What to do: In the data below, find each line containing the string "show" and return it.

Saved entries:
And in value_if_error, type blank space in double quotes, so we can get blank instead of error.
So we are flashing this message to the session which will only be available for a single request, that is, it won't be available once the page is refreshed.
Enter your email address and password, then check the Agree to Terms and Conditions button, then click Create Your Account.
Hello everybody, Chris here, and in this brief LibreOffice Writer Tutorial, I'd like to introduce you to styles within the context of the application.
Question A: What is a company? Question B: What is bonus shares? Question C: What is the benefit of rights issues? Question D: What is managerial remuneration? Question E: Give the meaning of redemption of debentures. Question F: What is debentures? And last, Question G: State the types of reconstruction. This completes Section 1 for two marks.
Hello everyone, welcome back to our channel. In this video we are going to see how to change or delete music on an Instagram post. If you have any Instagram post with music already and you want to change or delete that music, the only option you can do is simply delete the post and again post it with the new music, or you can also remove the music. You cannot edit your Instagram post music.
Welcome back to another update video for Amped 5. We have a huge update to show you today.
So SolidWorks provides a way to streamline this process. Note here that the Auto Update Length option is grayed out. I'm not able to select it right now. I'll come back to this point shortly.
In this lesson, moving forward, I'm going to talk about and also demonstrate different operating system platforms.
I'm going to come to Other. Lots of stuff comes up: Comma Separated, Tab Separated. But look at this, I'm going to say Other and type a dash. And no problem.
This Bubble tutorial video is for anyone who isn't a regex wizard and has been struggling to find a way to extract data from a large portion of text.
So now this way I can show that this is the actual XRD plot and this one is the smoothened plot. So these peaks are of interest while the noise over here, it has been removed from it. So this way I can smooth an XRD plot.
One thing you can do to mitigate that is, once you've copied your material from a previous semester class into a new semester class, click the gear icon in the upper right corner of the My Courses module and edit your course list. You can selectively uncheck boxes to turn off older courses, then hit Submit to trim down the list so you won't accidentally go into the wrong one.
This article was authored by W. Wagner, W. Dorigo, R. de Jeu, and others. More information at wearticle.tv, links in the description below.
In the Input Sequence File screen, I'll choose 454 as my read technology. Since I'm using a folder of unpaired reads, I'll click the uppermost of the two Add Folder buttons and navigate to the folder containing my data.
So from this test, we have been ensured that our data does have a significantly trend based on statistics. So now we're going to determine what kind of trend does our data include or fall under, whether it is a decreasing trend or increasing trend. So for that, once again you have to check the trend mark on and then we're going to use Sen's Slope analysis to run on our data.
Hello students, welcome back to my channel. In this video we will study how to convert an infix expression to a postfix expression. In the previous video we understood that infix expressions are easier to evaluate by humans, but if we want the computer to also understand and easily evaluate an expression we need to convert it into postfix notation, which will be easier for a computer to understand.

Answer to the problem:
Welcome back to another update video for Amped 5. We have a huge update to show you today.
So now this way I can show that this is the actual XRD plot and this one is the smoothened plot. So these peaks are of interest while the noise over here, it has been removed from it. So this way I can smooth an XRD plot.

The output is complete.